As regras sociais se constroem coletivamente,
através das trocas de experiências e na busca de elementos positivos à
manutenção da convivência. Entretanto, quando a criança tem acesso restrito a
essas condições, quando não há subsídios e aparato social que alimente essa
vontade de se integrar, ela individualiza-se, isola-se. Por não ter apreendido
os valores sócio-integrativos, experimenta de forma conflituosa e desintegrada
o seu relacionamento com o grupo social em que está inserida. O que
costumeiramente se denomina de “indisciplina”, ou seja, o não reconhecimento das
regras que induzem o indivíduo àquilo que o grupo social considera como melhor
para sua convivência.
Se a família enfrenta situações
extremamente instáveis quanto ao seu papel social, com a escola não é
diferente, pois em função dessas profundas mudanças e indefinições da estrutura
sociofamiliar, acaba a instituição escolar se envolvendo em papéis que, até bem
pouco tempo, não lhe eram atribuídos. Hoje parte das responsabilidades
formativas da criança deixou de ser exclusivamente da família. Á escola foi
incorporado o papel de colaboradora no processo educativo, intelectual e
afetivo da criança.
A família, por não mais se
encontrar em condições de assumir integralmente seu atributo formativo, pouco a
pouco, vai transferindo e partilhando com outros, particularmente com a escola,
a tarefa de educar para a vida. Nessa situação, a escola adentra um processo
complexo e confuso, pois o seu papel epistemológico fica fragilizado enquanto o
psicoafetivo se potencializa.
A família, diante da volatilidade
da modernidade (pós-modernidade), não tem encontrado um referencial estrutural
satisfatório para apoiar-se e encontrar respostas para essa instabilidade e a
escola, que talvez até pudesse desenvolver esse papel, não tem conseguindo dar
conta das variadas demandas que têm se apresentado, o que tem enfraquecido sua
principal responsabilidade: educar e formar.

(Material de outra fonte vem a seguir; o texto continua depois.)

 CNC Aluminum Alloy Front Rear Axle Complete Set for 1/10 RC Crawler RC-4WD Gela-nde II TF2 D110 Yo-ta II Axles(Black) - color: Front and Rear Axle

Indiscutivelmente se faz necessário que a escola inclua, cada vez
mais, os pais em seus projetos pedagógicos, fundamentalmente no que se refere à
formação para a cidadania. Os professores, coordenadores e outros profissionais
da educação devem estar preparados para, além de educar para a ciência e para a
cidadania, educar também nos aspectos elementares do afeto e das relações
interpessoais.
Mas à família cabe a
responsabilidade de, aceitando seu limite formativo, buscar na escola
possibilidades de seu crescimento, de seus filhos e da sociedade. Há de haver
uma maior integração entre escola e família. É necessário também que no
epistemológico se inclua a discussão de questões sobre a estruturação familiar
e seus novos modelos e que, para a família, a escola seja um local real de desenvolvimento,
não só do saber formal, mas também dos aspectos morais e afetivos.
A família e a escola incorporam o
inconsciente cultural da sociedade contemporânea. A construção do saber, desde
os primeiros movimentos da criança até a sua entrada no mundo do trabalho,
passa pela família e logo em seguida pela escola. Não se pode pensar uma
formação integral se ambas não estiverem em real conexão, recorrendo-se sempre
ao diálogo de seus conflitos e à constante discussão de seus papéis e seus
compromissos. Uma sociedade justa somente se constrói quando as
responsabilidades são partilhadas e os diálogos constantemente estabelecidos.